When I first saw the Hollywood production of The Day After Tomorrow, I was entranced. The thought of a global natural disaster on a gigantic scale was terrifying, yet also bewildering. A look into what happens when the population is unprepared for the worst, but perhaps how to make best of what is left. A parallel to our society today, and with the recent events of Hurricane Sandy, a quite literal comparison.
Watching Hurricane Sandy hit the East Coast this past weekend, all I could think about was the Hollywood representation of the disaster, and how fiction was becoming reality. Naturally, this was only one massive hurricane, and not four or five, as we see in the movie, but I couldn’t help but think that maybe that is what we can expect for the future of our planet.
While I send my heart to all of the victims of Hurricane Sandy, including my family, as most of my relatives live in the New York area, I couldn’t help but want to scream and blame our entire country for causing such massive natural turmoil. To all of you non-believers, welcome to a world where climate change DOES, very truly, exist.
The Intergovernmental Panel on Climate Change is a group of leading scientists from all over the world that come together every five or so years to summarize their observations and data on climate change. While a conservative group of publishers, in their 2007 report, they published this statement on natural disasters:
“Based on a range of models, it is likely that future tropical cyclones (typhoons and hurricanes) will become more intense, with larger peak wind speeds and more heavy precipitation associated with ongoing increases of tropical sea surface temperatures.”
If this doesn’t scream Hurricane Sandy, I don’t know what does.
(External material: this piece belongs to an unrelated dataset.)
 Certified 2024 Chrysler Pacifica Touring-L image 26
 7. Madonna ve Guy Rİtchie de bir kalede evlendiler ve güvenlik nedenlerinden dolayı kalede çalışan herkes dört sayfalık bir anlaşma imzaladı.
These are not mystical fortune-tellers, these are scientists with facts. So stop being afraid of graphs and numbers, and read the words. Climate change is here, and it is irrefutable.
In a recent article published in Business Week, Paul Barrett makes a similar observation. He explains Hurricane Sandy a scientific perspective that economists and other non-climate enthusiasts can understand.
“The broadening consensus: “Climate change amps up other basic factors that contribute to big storms. For example, the oceans have warmed, providing more energy for storms. And the Earth’s atmosphere has warmed, so it retains more moisture, which is drawn into storms and is then dumped on us.” Even those of us who are science-phobic can get the gist of that.”
His words are fluid and clear. They prove an inevitable truth: we should have put climate change in a context that everyone could understand decades ago. Quite simply, Barrett claims, “If Hurricane Sandy does nothing else, it should suggest that we need to commit more to disaster preparation and response.”
Hollywood gave us an imaginative representation of large-scale climate change with The Day After Tomorrow, but new leaders like the IPCC and Business Week, among the many others, will help us prepare for the realistic climate change of the future. I beg you- do not be ignorant of what is here, take a stand for the planet you live on. We deserve to all live healthy, beautiful lives on this Earth, and it can start with you. It’s our turn to have the happy, hopeful ending this time.